> _DATA EXTRACT_:
= Beginning of Section =

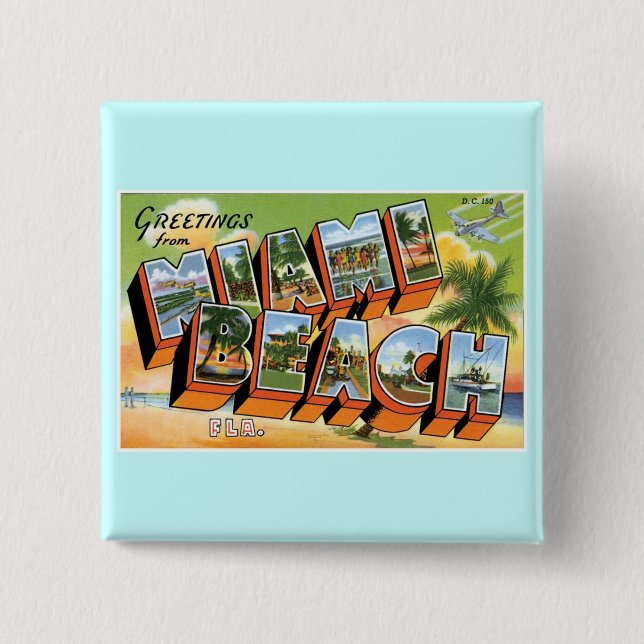 Chapa Cuadrada ¡Saludos de Miami Beach, la Florida! (Anverso)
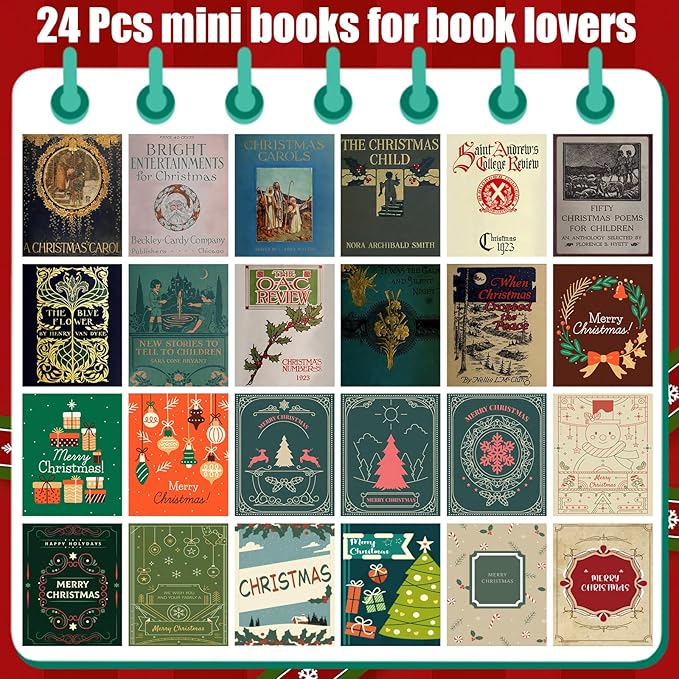 Christmas Mini Books, 24pcs 1:12 Miniature Books, Tiny Books for Dollhouse Accessories, Xmas Mini Stuff for Miniature Lovers (Christmas)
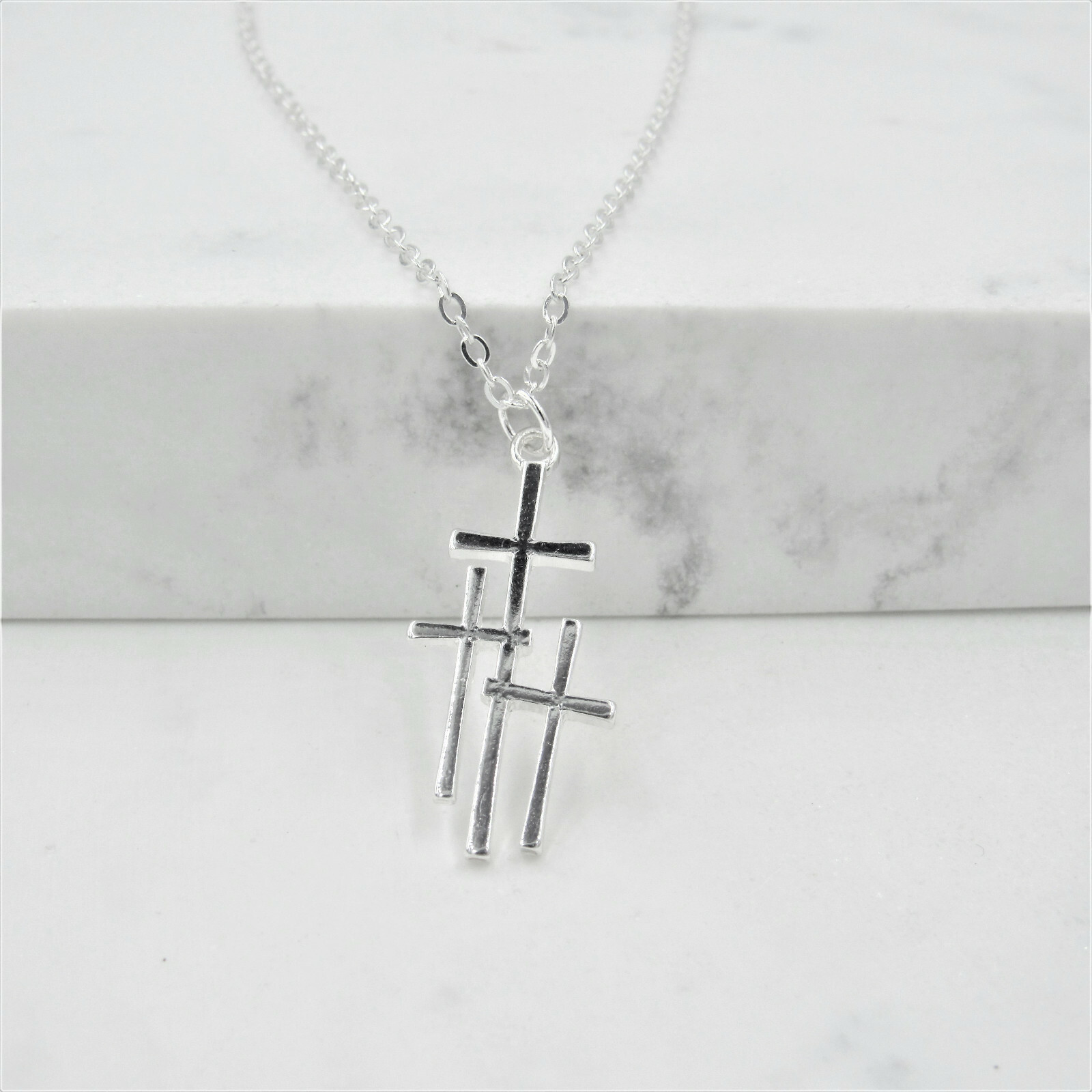Three Crosses Pendant Necklace White Gold NEW LOWEST PRICE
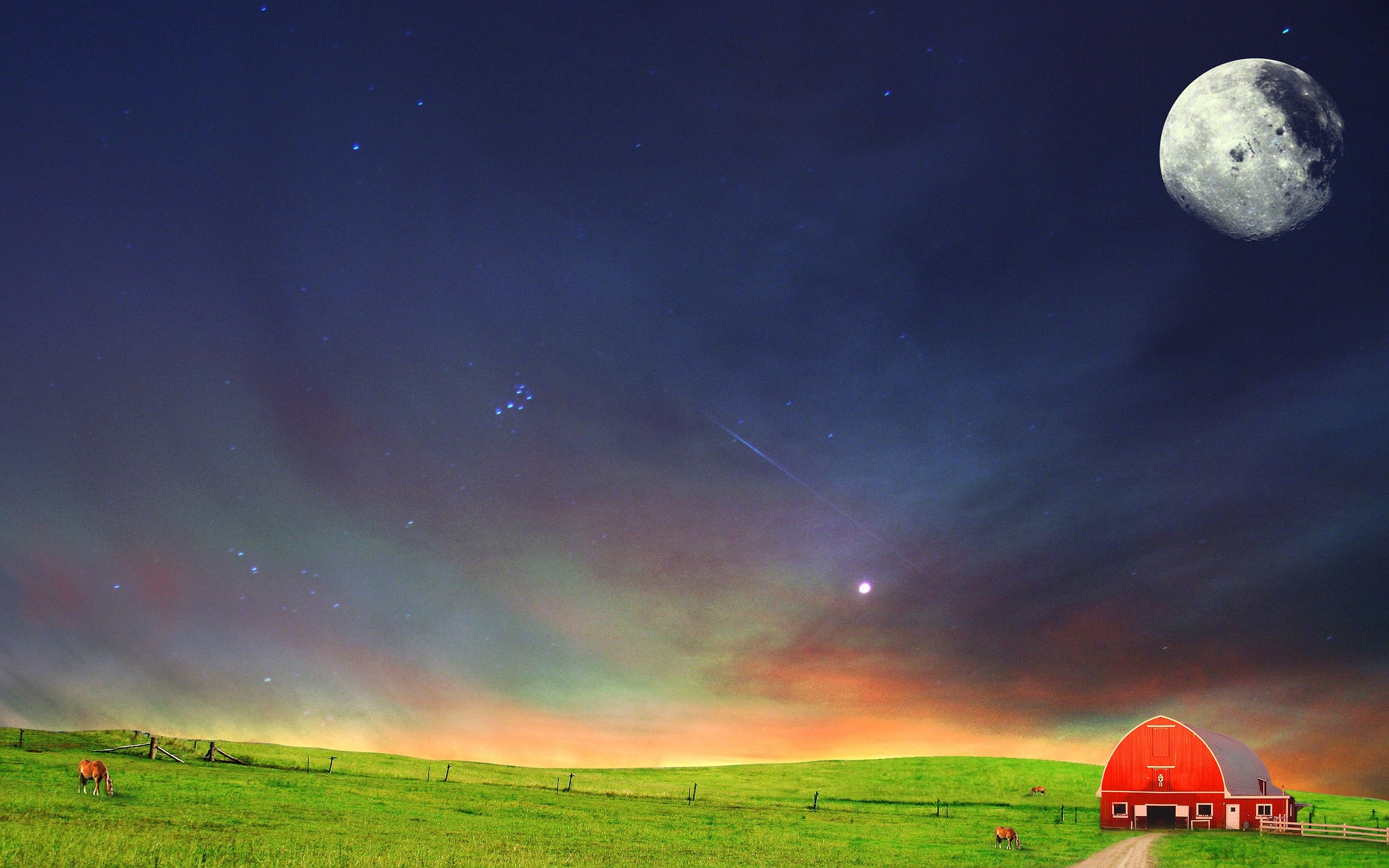2560x1600 Wallpaper field, night, the steppe for mobile and desktop, section настроения, resolution 2560x1600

= End of Section =

> _TASK OBJECTIVE_:
Reprint the listing above exactly, without images.

> _PROBLEM SOLUTION_:
 Chapa Cuadrada ¡Saludos de Miami Beach, la Florida! (Anverso)
 Christmas Mini Books, 24pcs 1:12 Miniature Books, Tiny Books for Dollhouse Accessories, Xmas Mini Stuff for Miniature Lovers (Christmas)
Three Crosses Pendant Necklace White Gold NEW LOWEST PRICE
2560x1600 Wallpaper field, night, the steppe for mobile and desktop, section настроения, resolution 2560x1600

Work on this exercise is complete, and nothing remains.